Market Basket executives have issued an ultimatum to workers who have walked off the job in support of fired CEO Arthur T. Demoulas. Those workers have until the beginning of next week to return to work or lose their position with the company.
In a statement issued Wednesday, July 30, the company’s new management acknowledged that the current standoff has been difficult for both sides and repeated their assurance to workers that they can return without fear of any penalty. If they do not, the company is prepared to move on without them, the statement said.
“We need associates to return to work on Monday August 4th. We understand that some associates may choose not to return; consequently we will begin advertising for employment opportunities,” the statement said.
Management said that they need people working to “support stores, customers and vendors” and their preference is for current workers to return to their jobs.
“Again, any associate that wants to return will be welcomed and not penalized,” the company said.

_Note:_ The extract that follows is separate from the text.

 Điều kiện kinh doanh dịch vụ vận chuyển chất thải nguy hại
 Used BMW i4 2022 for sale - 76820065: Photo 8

The company plans to hold job fairs on Monday and Tuesday, August 4 and 5, from 4 PM to 8 PM for current employees, and Wednesday, August 6, from 1 PM to 8 PM for outside candidates. All three fairs will be at the company’s information technology center in Andover.
By Monday, the standoff between the company’s new management and workers loyal to Arthur T. Demoulas will have entered its third week.
Arthur T. Demoulas was fired in June by the board of directors which is now controlled by his cousin, Arthur S. Demoulas. The two are grandsons of the franchise’s founder and have been at the center of a family feud for decades. Eight other longtime employees have also been fired after showing their support of Arthur T.
Arthur T.’s ouster has led to boycotts, protests, employees walking off the job, distribution centers shutting down, empty store shelves and disgruntled customers. A rally at the company’s headquarters in Tewksbury last weekend drew 10,000 people, all demanding the reinstatement of Arthur T. as chief executive.
Arthur T. Demoulas has offered to buy the 50.5 percent of the company’s shares that would give him complete ownership of the grocery chain. The board of directors announced last week they are considering his offer and several others. A dollar figure for Arthur T.’s offer has not been made public.
At the Market Basket in Sagamore, store manager Paul Quigley said that he has had only one delivery in the last six day, and that was only non-perishable food items. Fresh produce, meats, delicatessen and dairy shelves are empty. Despite that, Mr. Quigley said that employees at his store are “staying the course” in support of the fired CEO.
“We’re unified, and there’s very little buckling in the ranks. People are firm and solid,” he said.
He said everyone is cautiously optimistic, waiting for an answer from the board of directors on whether they will accept Arthur T.’s buyout offer. He believes that the standoff is at the point of no return in favor of the employees.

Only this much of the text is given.